Recently, I have been suggesting a narrow trading band for both West Texas Intermediate (WTI) and Brent crude in London. They're trading today at about $96.00 and $103.00, respectively.
But two developments are threatening to heat things up yet again—and fast.
One is the wild card of geopolitical events, which can be a catalyst for rapid gyrations in oil prices. The other is a factor rising inside the oil market itself (which I'll get to in a moment).
The first—and the primary subject matter for this afternoon's appearance—involves the renewed unrest in Egypt. Fox is going to be primarily interested in how this impacts oil availability and pricing.
But my take goes a bit beyond the current situation in Cairo—1,204 miles east, to be precise.
For the biggest oil price concerns, look to this tiny island nation. . .
Egypt is introducing uncertainty, which is only accelerated by the military's threat to intervene by the end of this week if President Mohamed Morsi and the opposition cannot reach a compromise. Widespread demonstrations against Morsi began this week, one year after his election, and now threaten to divide the country further.
Oil will experience rising volatility, especially in Europe, where Middle East unrest is felt much quicker than in North America, but Egypt has little to do directly with most oil used in Europe. An interruption of traffic on the Suez Canal, of course, would be quite another matter. But there is no indication and little genuine likelihood that the unrest would ever reach that point.

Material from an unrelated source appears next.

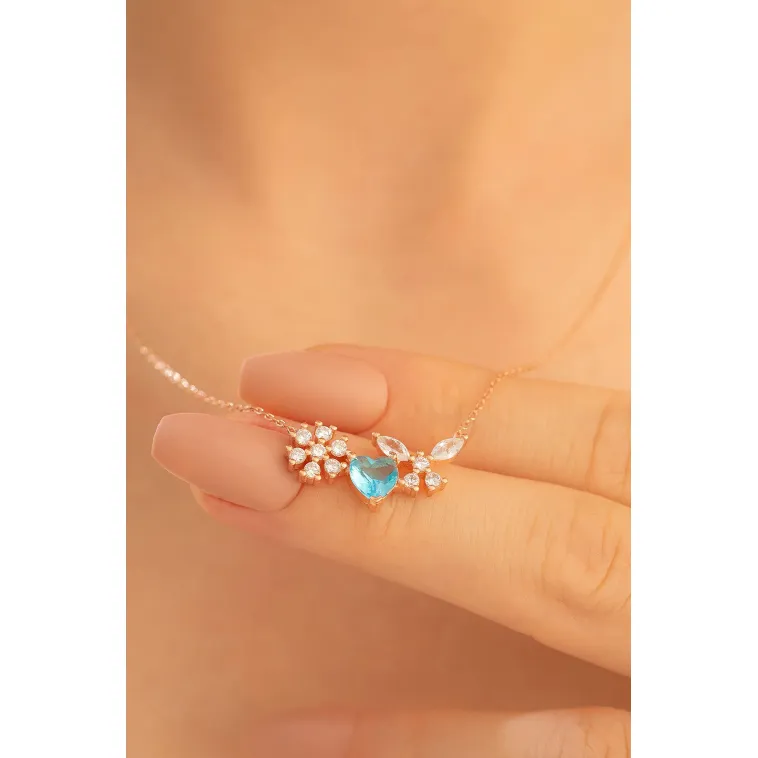 Kadın Gümüş Kolye - Rose Altın Kaplama Zirkon Taşlı Kalp Motifli Gümüş Kolye Kadın Gümüş Kolye - Rose Altın Kaplama Zirkon Taşlı Kalp Motifli Gümüş Kolye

A move in by the military would end the present democratic experiment in the country, but there is a rising belief among observers that short-term order may be unavailable otherwise.
This is quickly shaping up to be the next stage in an ongoing wave of popular unrest in the Middle East and North Africa (now referred to collectively by analysts as "MENA"). As such, Egypt is the first chapter, not the last, and while it is the media focus du jour, it is not likely to be the primary problem for oil.
The real concerns for oil will be coming from other problems in the region.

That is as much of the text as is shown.